India is witnessing a consistent slide in rankings in the Global Mining Attractiveness Index. From sinking to the bottom 10 jurisdictions in 2016, the country was out of the reckoning in the latest survey for 2017 conducted by Canada-based Fraser Institute.
For 2016, the institute surveyed 104 jurisdictions where India was ranked 97th, joining the league of unattractive mining nations like Argentina, Venezuela, Afghanistan, Zimbabwe and Mozambique. In the 2017 survey, India was out of contention as the number of respondents were less than five. The attractiveness of a mining jurisdiction is rated on factors like existing regulations, taxation levels, quality of infrastructure and the overall policy climate.
Federation of Indian Mineral Industries (Fimi) blames the country's tepid rankings on its unfavourable policies and high taxation rates including new levies introduced post the enactment of the amended Mines and Minerals- Development & Regulation Act (MMDR) Act, 2015. Aside from royalty, miners need to contribute to District Mineral Foundation (DMF) and National Mineral Exploration Trust (NMET) and pay GST at the rate of 18 per cent of royalty.
“All these stipulations are enough to make mining unviable. The initial euphoria in coal waned after some time and in case of non-coal, out of 78 mineral blocks offered, auctions of only 33 could be achieved. The inputs are enough for Fraser Institute to put India among the 10 least attractive jurisdictions in its survey of mining companies”, said R K Sharma, secretary general, Fimi.
With the country's exploration regime almost nationalised after the formation of NMET which will meet the exploration expenses of PSUs, Fimi feels in such a backdrop, India will continue to be one of the least explored countries in the world. Though the new National Mineral Exploration Policy 2016 solicits private sector participation for deep seated minerals, such a policy may encourage contractual drilling in the name of exploration, Sharma said.
India's exploration expenditure pales into insignificance when compared with other resource rich countries such as Canada and Australia. Canada accounts for 14 per cent of the global mining exploration expenses, Australia ranks next with 13 per cent share. India's share is a minuscule two per cent. For each square km of a potential mining lease, Australia spends $5580 while Canada incurs $5310. By contrast, India spends only $9 per square km.
Unlike India, the taxpayers' money is not used elsewhere on mineral exploration, a risky business venture. The governments of mineral rich countries like US, Canada, Australia, Brazil, South Africa, Chile and Mexico create a congenial ecosystem for exploration by providing the necessary data to the private companies. In these countries, the privately managed entities known as junior exploration companies undertake detailed exploratory work and enjoy leeway to sell or transfer mineral concessions. The junior exploration companies take the lead in greenfield exploration by raising funds from venture capital in stock exchanges. If India were to make exploration an attractive business for the private sector, the policies need to be aligned with the practices in other resource rich nations, Fimi felt.
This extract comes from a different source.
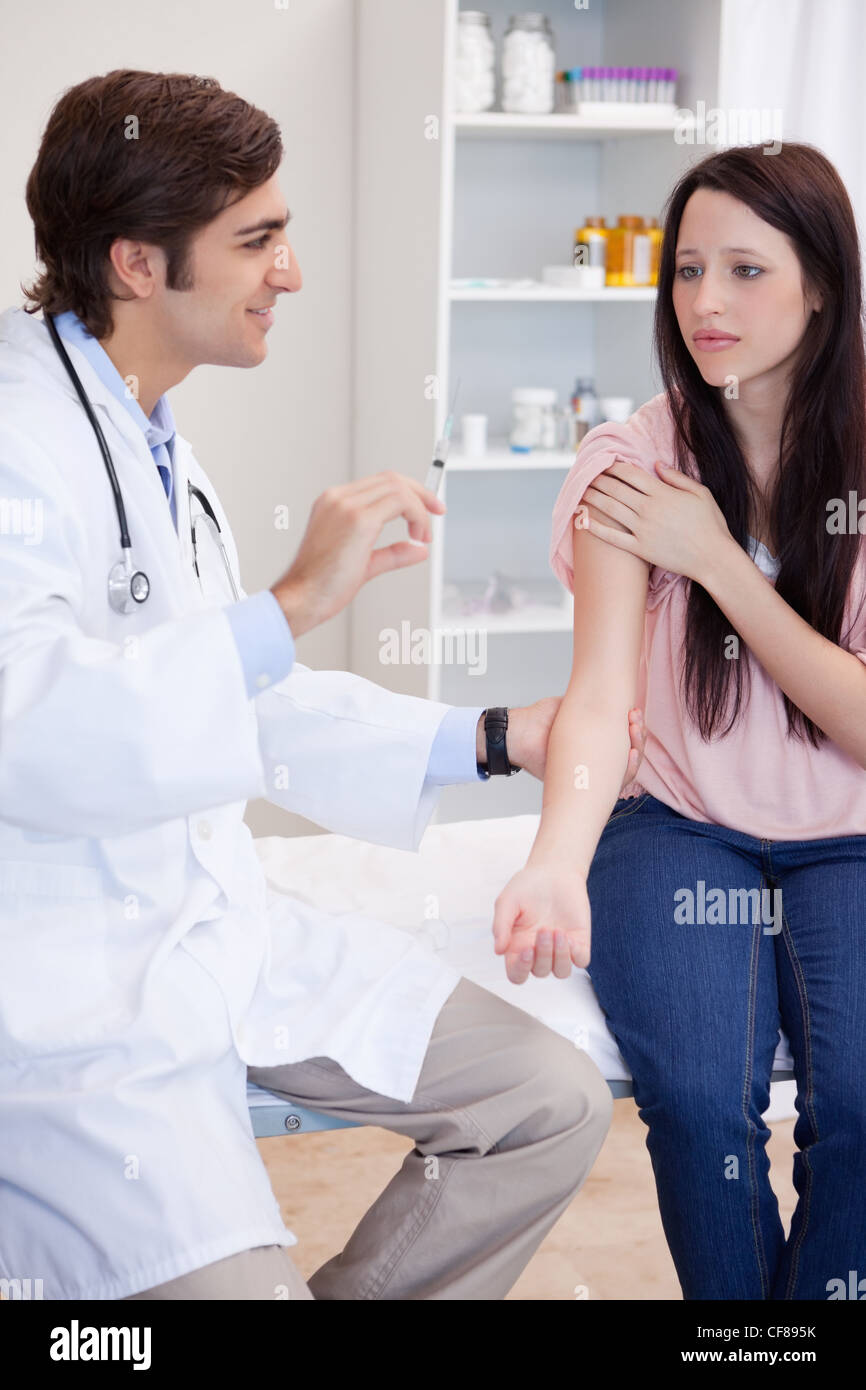 Médico varón sobre dar una inyección al paciente Foto de stock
The other factor denting India's 'Mining Attractiveness' is the steep taxation rate. Mining is the most taxed activity in India compared to anywhere in the world. The effective tax rate (ETR) on mines granted before the new MMDR Act, 2015 is 64 per cent while for mines won through auctions, it stands at 60 per cent. On a comparative note, the ETR for Mongolia at 31.3 per cent is half of India's. Other mineral rich nations also boast of attractive ETR rates- Canada (34 per cent), Chile (37.6 per cent), Indonesia (38.1 per cent), Australia (39.7 per cent) and South Africa (39.7 per cent). Countries competing for mineral sector investments usually offer ETRs in the range of 40-50 per cent.